Organisasi Angkutan Sewa Khusus Indonesia (Oraski) menanggapi rencana pemerintah untuk memotong komisi driver online sebesar 10%. Mereka berpendapat bahwa kebijakan ini dapat merugikan ekosistem transportasi online yang sudah ada.
Ketua Umum Oraski, Fahmi Maharaja, menekankan bahwa pemotongan biaya seharusnya menjadi urusan antara penyedia aplikasi dan mitra mereka, bukan diatur terlalu jauh oleh pemerintah.
Penolakan Terhadap Rencana Pemotongan Komisi
Aksi unjuk rasa oleh pengemudi ojek online (ojol) terjadi di Jakarta sebagai respon terhadap wacana pemotongan komisi yang dinilai merugikan.

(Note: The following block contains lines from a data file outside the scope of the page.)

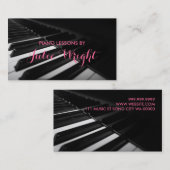 Cours de piano, Carte de visite professeur de musi (Devant / Derrière)
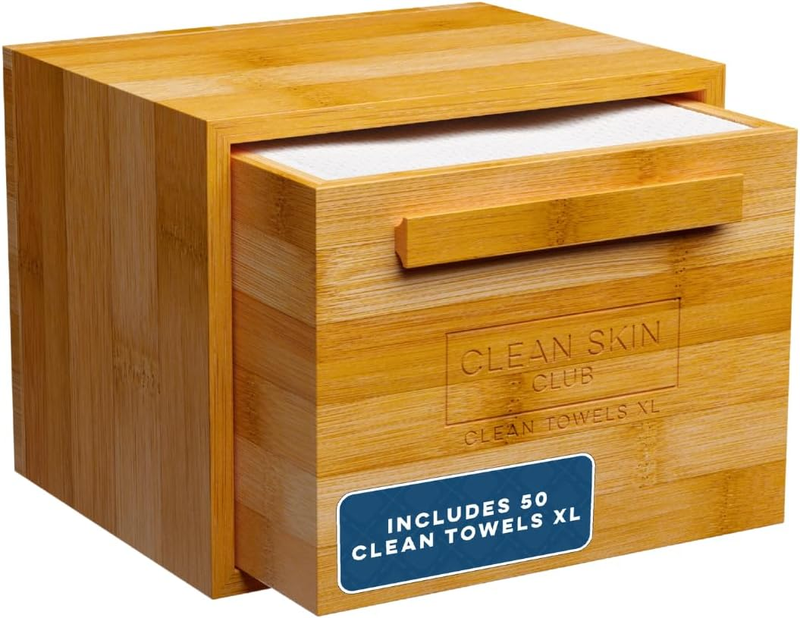 Bamboo Towel Holder with Drawer & XL 50 Count Clean Towels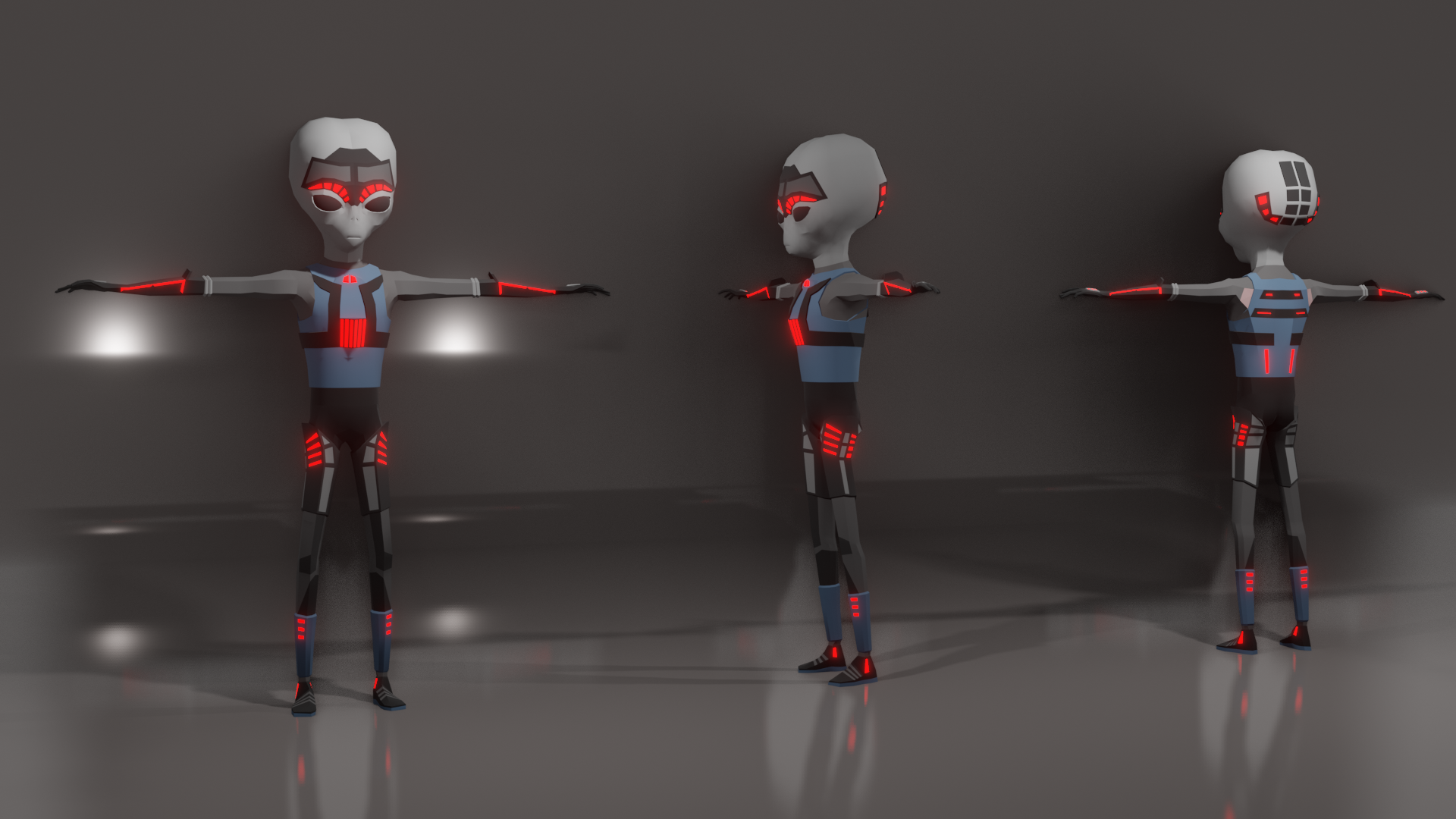 Dark armored Martian outfit with red emissive trim shown from front, side and back in T pose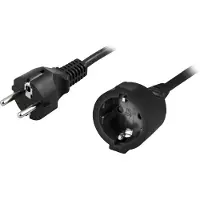 Deltaco DEL-112U - Strømforlengelseskabel - power CEE 7/7 til CEE 7/4 - 10 m - rett kontakt - svart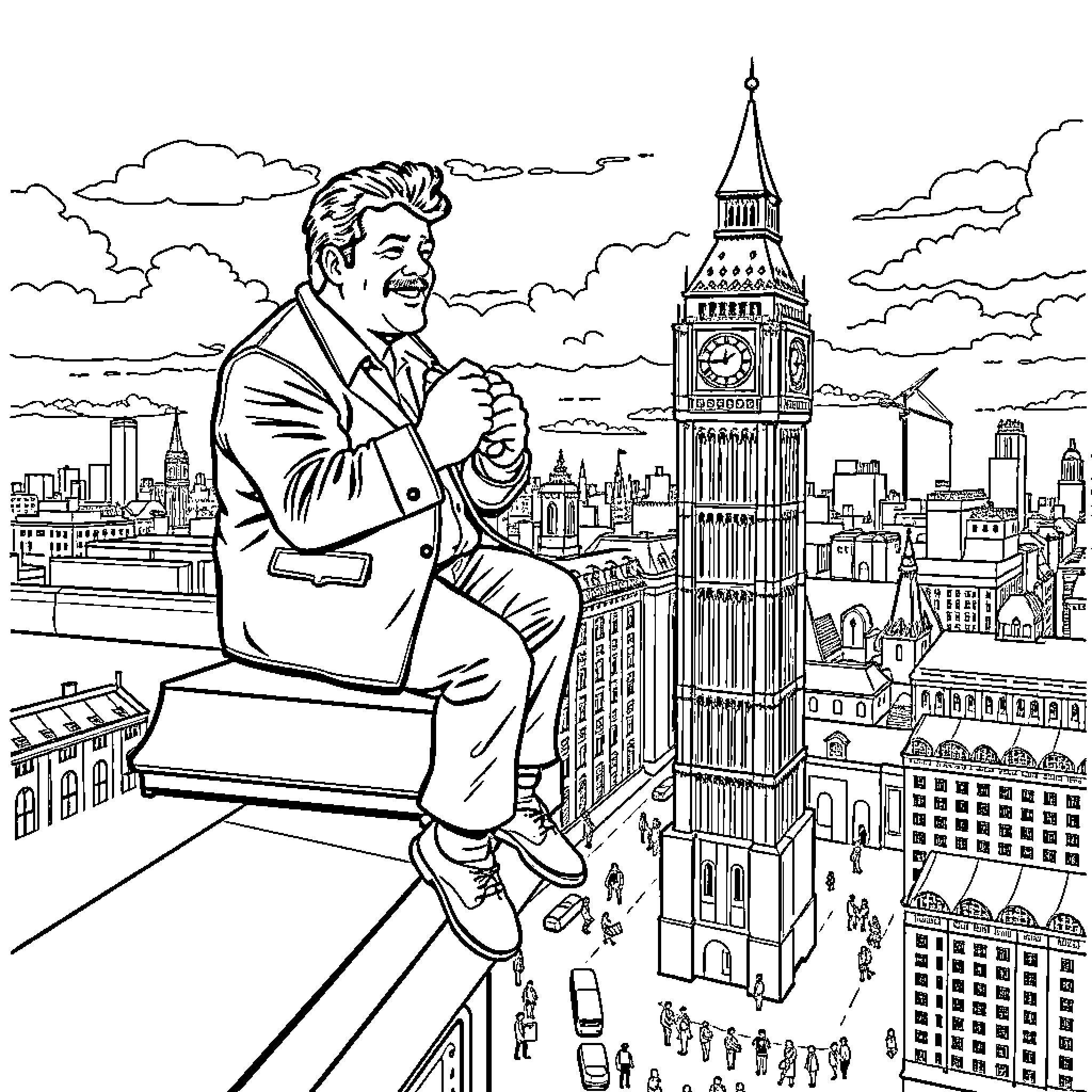 Pablo Escobar strolling through a bustling cityscape Coloring Page (free black-and-white line drawing printable PDF for all, from beginners to advanced learners, including children, teens, adults, and seniors)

Oraski menilai jika potongan biaya aplikasi diberlakukan, hal ini akan berdampak negatif pada pendapatan driver dan tarif yang dibebankan kepada penumpang.
Fahmi Maharaja dalam pernyataannya menegaskan, “Menurut kami apabila pemotongan biaya aplikasi ditekan, ini akan menjadi hal yang kontraproduktif karena dampak yang ditimbulkan ialah bukan berarti dapat menaikan pendapatan driver melainkan hanya berdampak kepada tarif ke penumpang yang akan semakin rendah.”
Dia juga menekankan bahwa pemotongan ini merupakan urusan bisnis yang seharusnya tidak diatur oleh pemerintah. Oraski percaya bahwa keterlibatan pemerintah seharusnya lebih pada memberikan insentif dan dukungan lainnya.
Solusi Alternatif untuk Kesejahteraan Driver
Sebagai langkah alternatif, Oraski mengusulkan beberapa solusi untuk meningkatkan kesejahteraan driver. Di antaranya adalah insentif pajak, subsidi kendaraan, serta edukasi berkelanjutan dari pemerintah.
Fahmi menjelaskan, “Misalnya penghapusan PPN dan PPh atas pembelian kendaraan operasional. Potongan pajak untuk pembelian suku cadang. Subsidi program pendidikan dan pelatihan untuk driver.”
Dengan pendekatan ini, Oraski yakin bahwa kesejahteraan driver bisa meningkat tanpa harus melibatkan intervensi langsung pada regulasi tarif.
Risiko yang Diakibatkan oleh Intervensi Pemerintah
Lebih lanjut, Fahmi juga memperingatkan bahayanya jika pemerintah memaksakan regulasi yang tidak seharusnya mereka atur. “Apabila pemerintah atau DPR tetap memaksakan intervensi pada regulasi tarif dan potongan yang bukan ranah kewenangannya, maka risiko keruntuhan seluruh ekosistem transportasi online sangat besar,” tegasnya.
Oraski berharap dialog yang sehat antara pemerintah dan pengemudi dapat dijalin untuk mencapai kebijakan yang saling menguntungkan. “Kami akan terus berada di jalur perjuangan yang rasional dan solutif, tanpa perlu terjebak dalam dinamika politik sesaat yang justru dapat merusak ekosistem yang telah kita bangun bersama,” tuturnya.